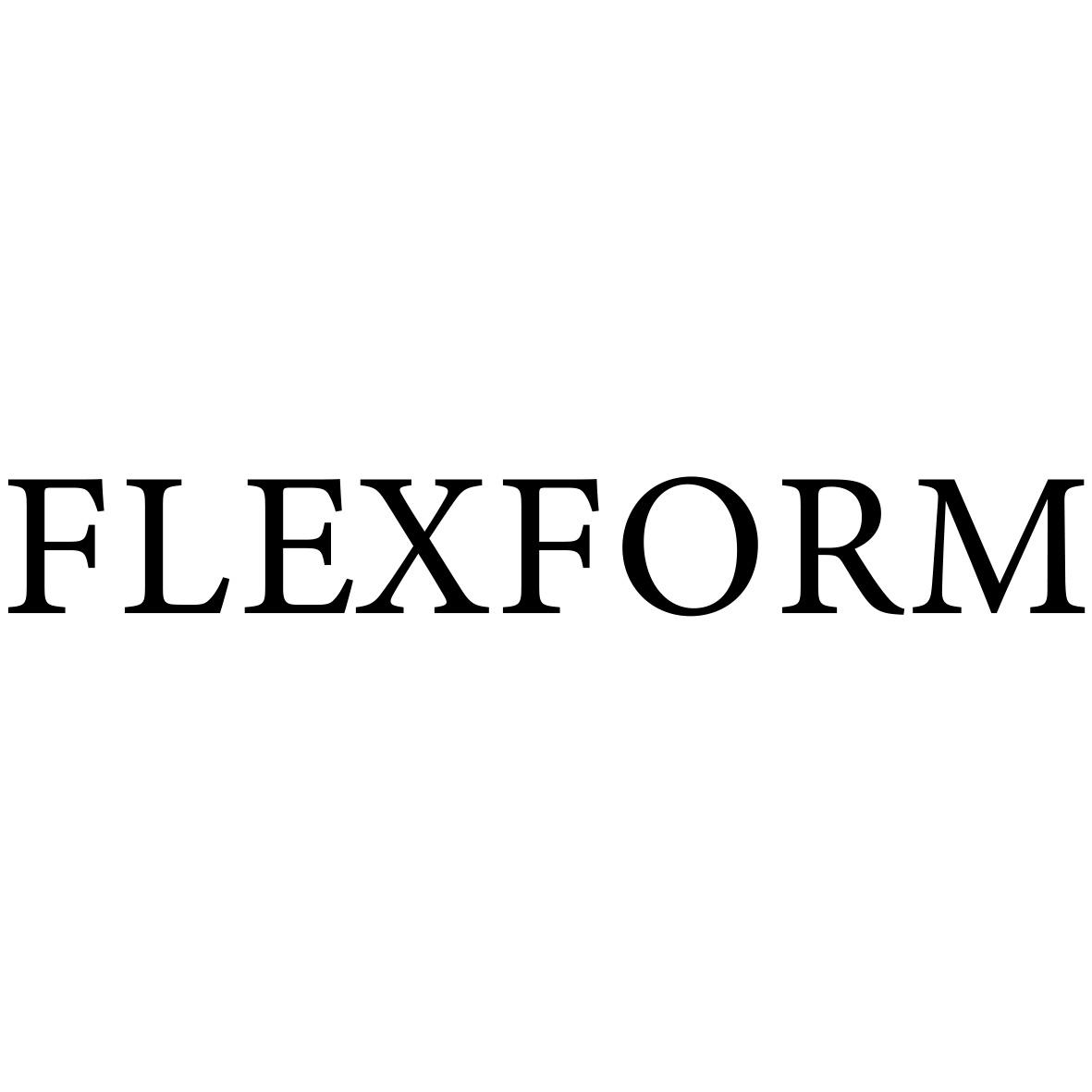 FLEXFORM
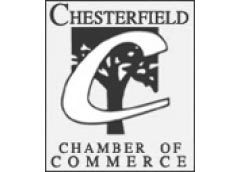 chesterfield-logo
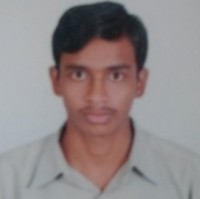 Guthula Satya Saiteja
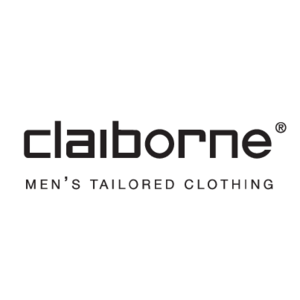 Claiborne Logo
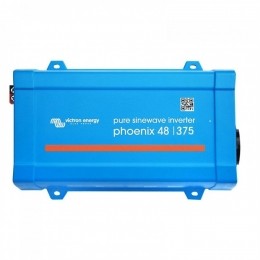 Phoenix48375Omvormer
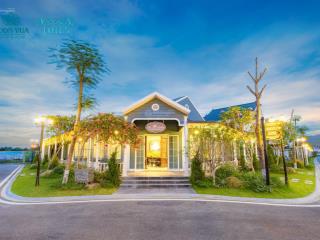 Cập nhật quỹ căn vị trí đẹp nhất tại vườn vua! view 2 mặt hồ sen full nt  khai thác ngay  giá tốt
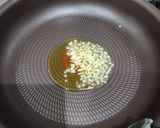 アサリの酒蒸し作り方3写真
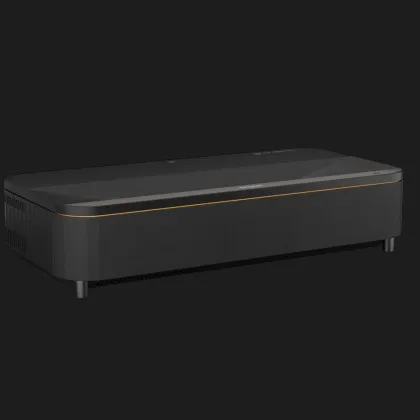 Проектор ультракороткофокусный Epson EH-QS100B (V11HB49140) (UA) в Ковеле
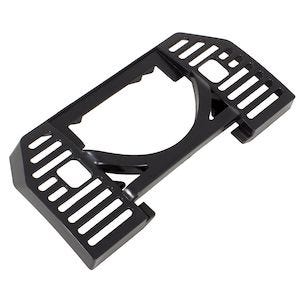 Pölynimurinpussin pidike Coline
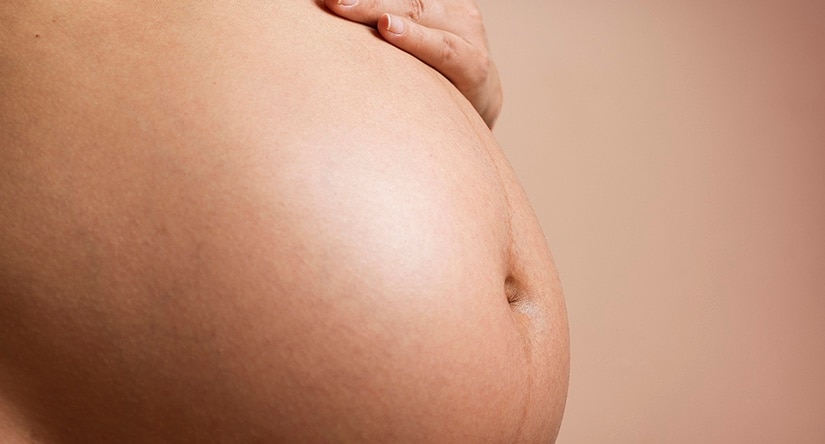 Pregnancy Skin Care: The best skin care to use during pregnancy Pregnancy Skin Care: The best skin care to use during pregnancy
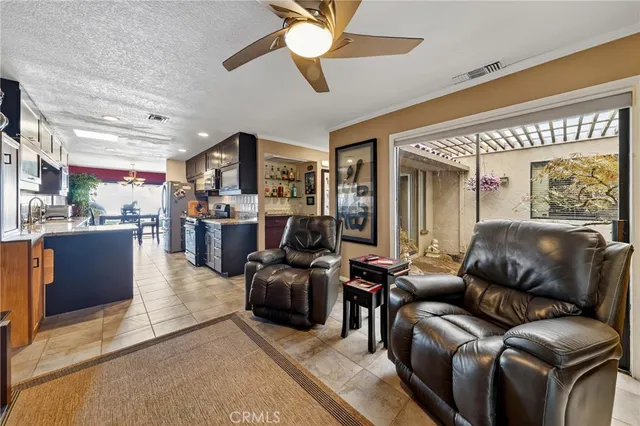 $999,800 | 892 Highpoint Drive, Claremont, CA 91711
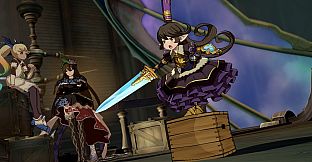 Granblue Fantasy: Versus - Color Pack Set 2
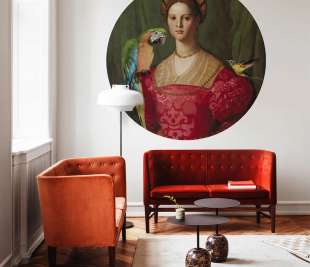 dots-mother-of-birds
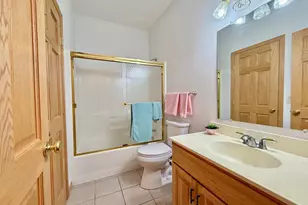 41770 Riviera Dr, Ottertail, MN 56571 - Photo 22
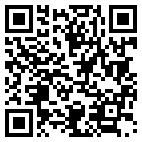 QR Code for Naifa PA in Harrisburg, PA 17109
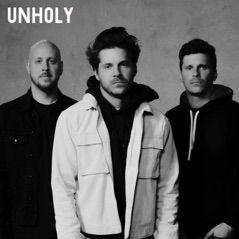 Unholy - Single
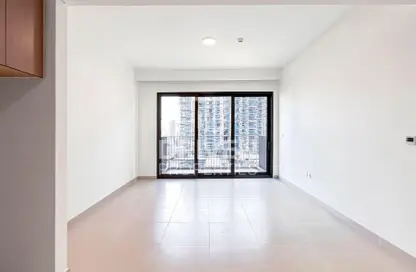 شقة - غرفة نوم - 1 حمام للايجار في بارك هيلز - دبي هيلز استيت - دبي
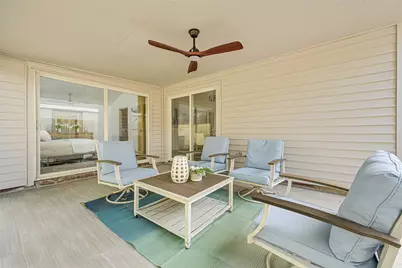 2106 Peppermill Road, Houston, TX 77080 - Photo 16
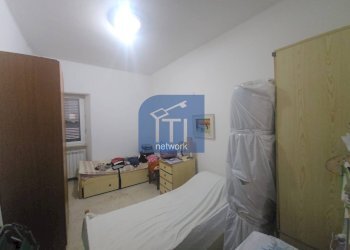 camera - Villa lungomare delle meduse, Pomezia - foto 12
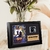 FilmCells Star Wars El Retorno del Jedi 7x5 Marco Negro - tienda online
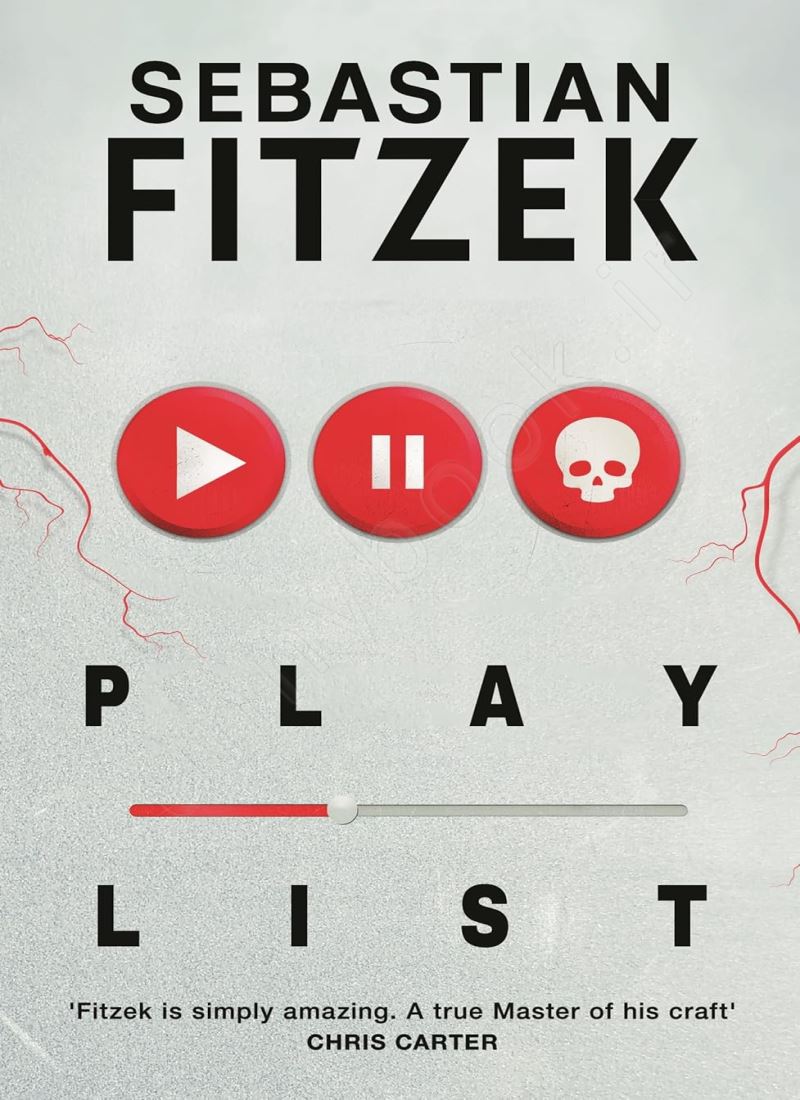 Playlist main 1 1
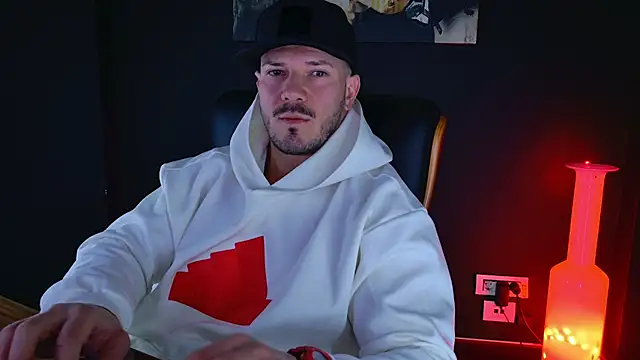 AngeloEric online show from 12-29-24, 12:01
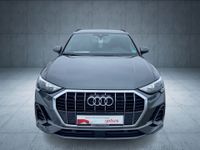 Audi Q3 - Vorschau Bild 9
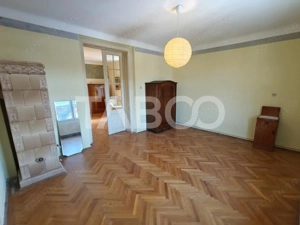 Casa de inchiriat cu 4 camere zona Strand - Pet friendly - COMISION 0 - imagine 12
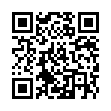 QR:人大代表接待日公告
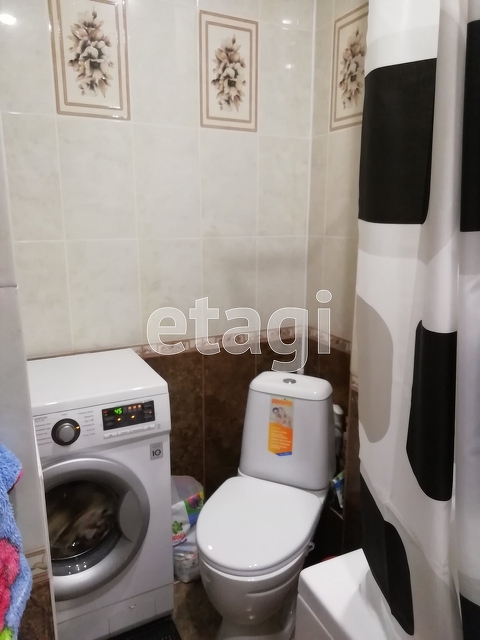 Продажа 1-комнатной квартиры, Саратов, Саратовская область,  Саратов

######

*What is expected*: The lines to be quoted run from the line containing "AngeloEric online show from 12-29-24, 12:01" through the end of the entries above, both included; quote them exactly and leave out any pictures.

*Written reply*:
 AngeloEric online show from 12-29-24, 12:01
 Audi Q3 - Vorschau Bild 9
 Casa de inchiriat cu 4 camere zona Strand - Pet friendly - COMISION 0 - imagine 12
 QR:人大代表接待日公告
 Продажа 1-комнатной квартиры, Саратов, Саратовская область,  Саратов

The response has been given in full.